-- Raw data --
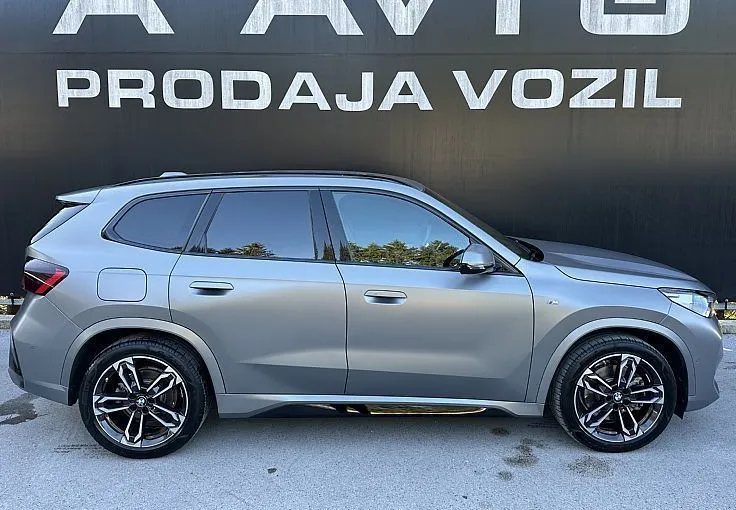Zunanja slika - BMW X1 - serija :  xDrive23d MAT SIV-MSPORT-VK-USNJE-KAMERA-19COL - 3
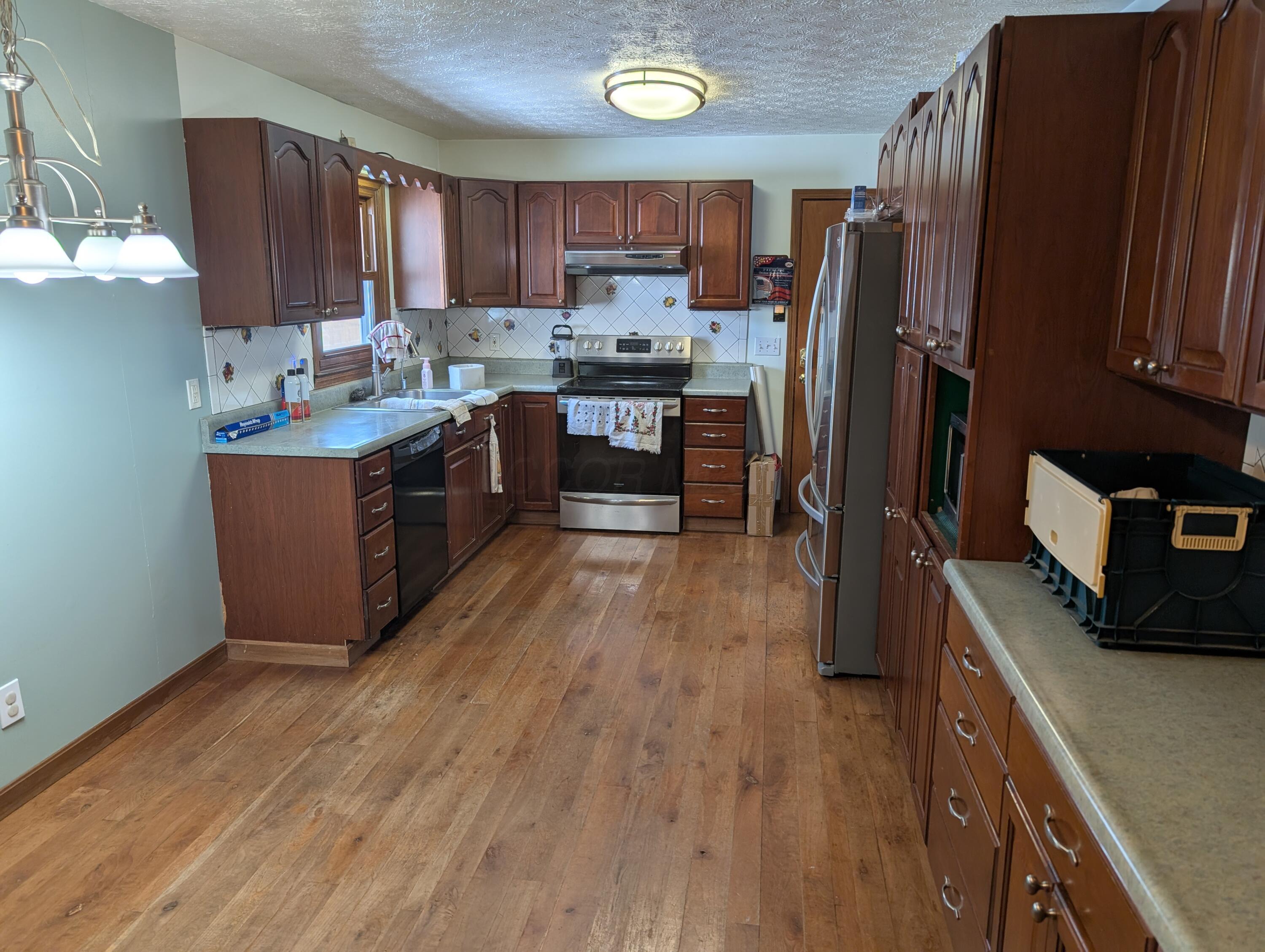 16181 E State Route 37 Property Photo 5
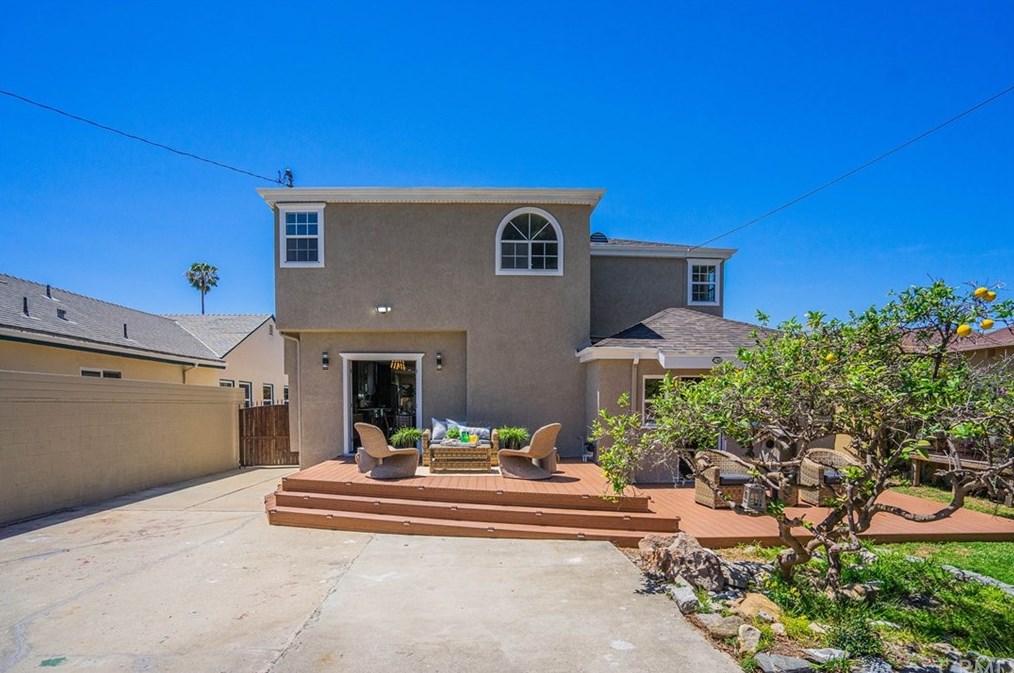 8210 Alverstone Ave, Los Angeles CA  90045-2855 exterior
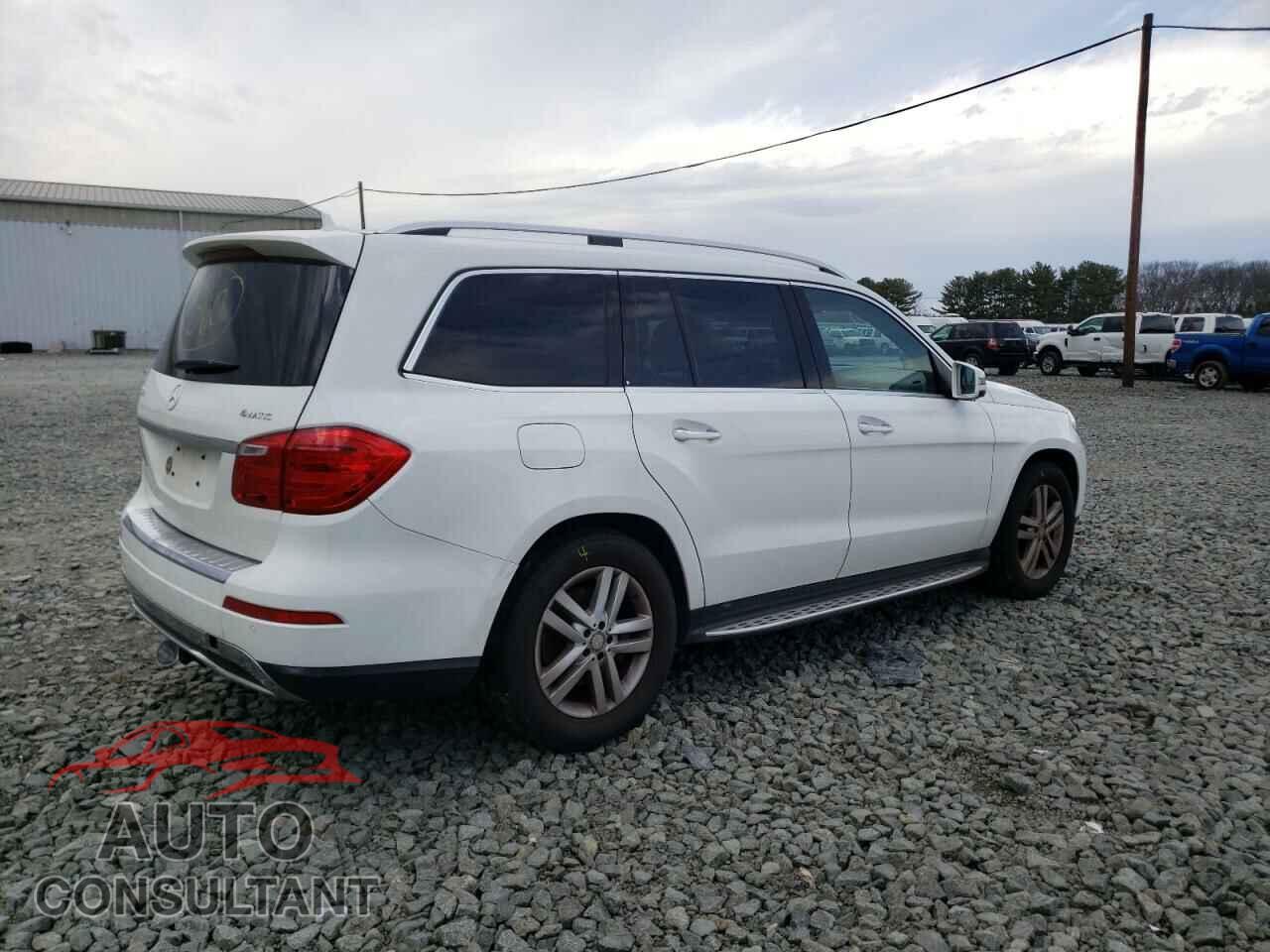 MERCEDES-BENZ GL-CLASS 2015 - 4JGDF6EE2FA513806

-- Try it --
A word-for-word reprint of the listing above is needed, minus the pictures.

-- Answer to this exercise --
Zunanja slika - BMW X1 - serija :  xDrive23d MAT SIV-MSPORT-VK-USNJE-KAMERA-19COL - 3
 16181 E State Route 37 Property Photo 5
 8210 Alverstone Ave, Los Angeles CA  90045-2855 exterior
 MERCEDES-BENZ GL-CLASS 2015 - 4JGDF6EE2FA513806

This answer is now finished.